The concept of liberalisation
(Parkin, Powell and Mattews, 1997). It has been introduced where the existing regulation is thought to cause a barrier to entry in a market there by reducing competition. According to Wikipedia (2009), liberalization refers to a relaxation of previous government restrictions, usually in areas of social or economic policy. Liberalization is comprehensively described by Oyejide and Bankole (2001:3) as:
The freeing up of restrictive conditions through the introduction of laws and regulations aimed at bringing about a more competitive market structure. Liberalization measures are established to remove many growth-retarding characteristics embedded in the structure of the economy, such as heavy government intervention, restrictive entry and exit conditions in particular industries, and ceilings on input and output price. The overriding objective of liberalization is to create a market structure devoid of government-induced distortions in resource allocation, where the primacy of market forces is firmly established.

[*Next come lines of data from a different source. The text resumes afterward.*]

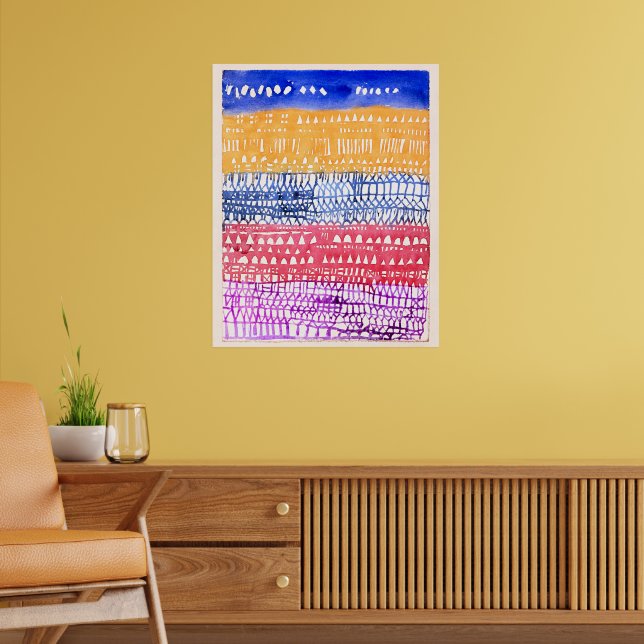 Paul Klee - Alte Stadt,  Poster (Wohnzimmer 2)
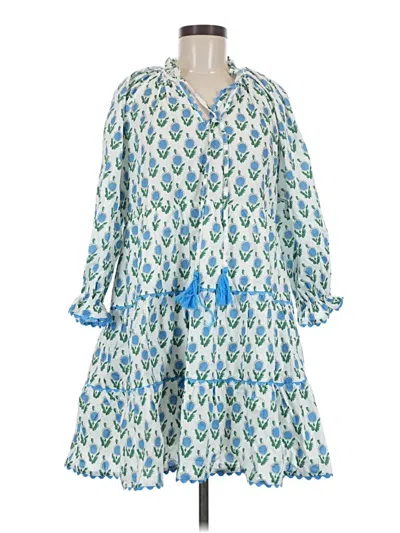 Pre-owned Entro Casual Dress In Blue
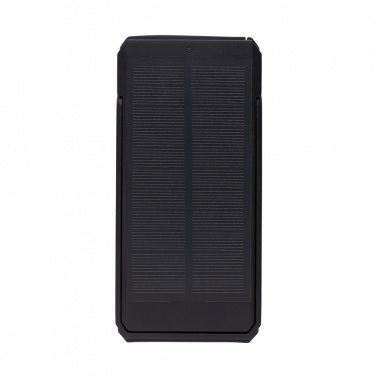 Logotrade Logogeschenke das Foto: Skywave 10000mAh Solarpowerbank aus RCS recycelt. Kunststoff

From the above definitions, it is crystal clear that liberalization is nothing more than removal of laws that prevent competition, innovation, market and economic growth, and competitive pricing. Parkin et al. and Oyejide and Bankole’s definition of liberalization and deregulation is tilted toward economic liberalization, but liberalization also touches on social issues such as relaxing laws that restrict abortion and divorce (Wikipedia, 2008).
Liberalisation can take place via unilateral or multilateral arrangements. Unilateral liberalization is initiated by a given country without any external influence. According to Oyejide and Bankole (2001), the driving force of such an approach is the strong need to restructure and reposition the economy for sustainable growth, achieved through the establishment of pro-competition regulatory and institutional framework. On the other hand, multilateral liberalization is when external government(s) or international institution(s) exert pressure on a given country to reform trade or social regulations. Multilateral approach is superior to the unilateral approach because it assists countries to lock in or sustain reforms, and enhance their predictability and stability as well as transparency (Oyejide and Bankole, 2001).

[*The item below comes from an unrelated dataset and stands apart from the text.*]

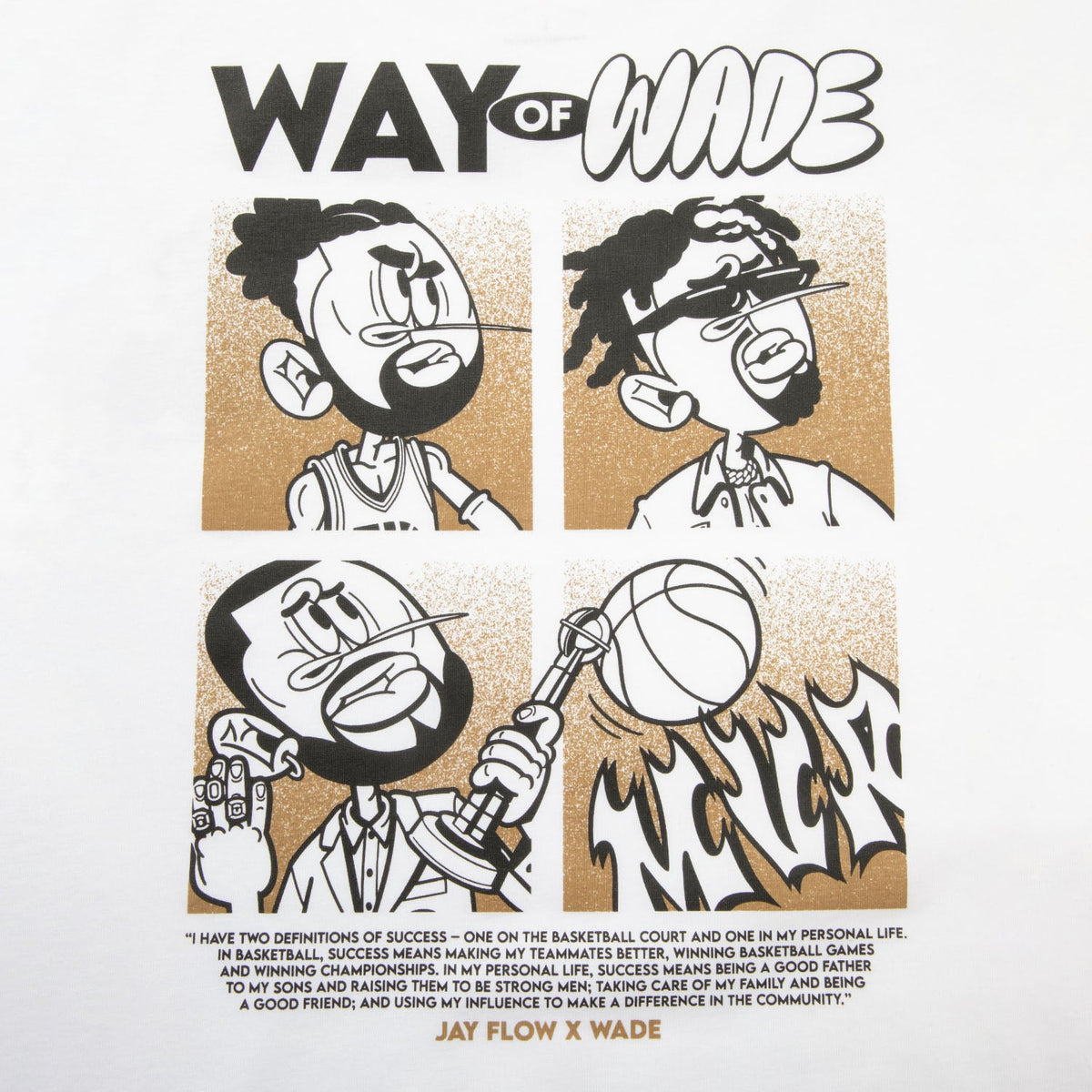 LiNing Way of Wade x Jay Flow T-Shirt 'White'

Nigerian telecommunication: pre-liberalisation epoch
Ministry of Communication (and later Federal Ministry of Transport and Communications) assumed responsibility for network operation and service provisioning. From 1960 to 1975, the telecommunication did not receive required government attention in terms of infrastructural development. The first two national development plans 1962 to 1968 and 1970 to 1974 national development plans failed to adequately address the issue of infrastructural upgrading and capacity. However, the third national development plan of 1975-1980 targeted significant improvements in capacity and infrastructure in telecoms. Specifically, it set the roll out target at 1 million lines [but later revised to 750,000 lines] (Ndukwe, 2003). At the end, the target was grossly unmet (Ndukwe, 2003).
In 1984/85, the telecom service was commercialized and thus, the Department of Post and Telecommunication became separated. Nigeria Telecommunication (NITEL) was created as government owned monopoly operator to provide a range of services such as Fixed Telephone, Telegraph (gentex), and Payphone. The installed capacity improved to 400,000 lines, while the connected lines stood at between 205,000 and 250,000 lines in 1987 (Ndukwe, 2003). It could be argued that the low number of connected line was as a result of poor services provided by NITEL. Ndukwe (2003) remarked that between 1987 and 1992, no remarkable improvement was recorded in performance by NITEL and consumer demands were largely unmet. This prompt the Federal Government of Nigeria under the military administration of General Ibrahim Badamasi Babangida to embark on market oriented reforms by partially liberalizing telecommunication sector.
(GSM standard); provision of community telephones; provision and operation of value – added network services; repair and maintenance of telecommunications facility; and cabling (Id). Thus, the establishment of a strong and independent regulator becomes a prerequisite to enforce rules and regulations (Ndukwe, 2003). That was why NCCD also set up the government regulatory agency in the telecommunication sector - Nigeria Communication Commission (NCC). NCC regulates the sector but it is supervised by the Federal Ministry of Communications. The NCC seeks to create a proper regulatory environment for the supply of telecommunication services and facilities, promotes fair competition, establishes technical standards and promotes Nigeria telecommunications. It is empowered to license private-sector operators, draw up technical standards and rules as well as approve rates charged by operators. The NCC accredits foreign bodies and provides type approval for telecommunications equipment and facilities for use in Nigeria. The body also licensed all operators with the exception of NITEL in 1998. The licenses’ duration ranged between 5 – 10 years, each operator having paid a fixed licensed fee for each service type. An additional operational fee of 2.5% is charged on turnover less costs (Ndukwe, 2003).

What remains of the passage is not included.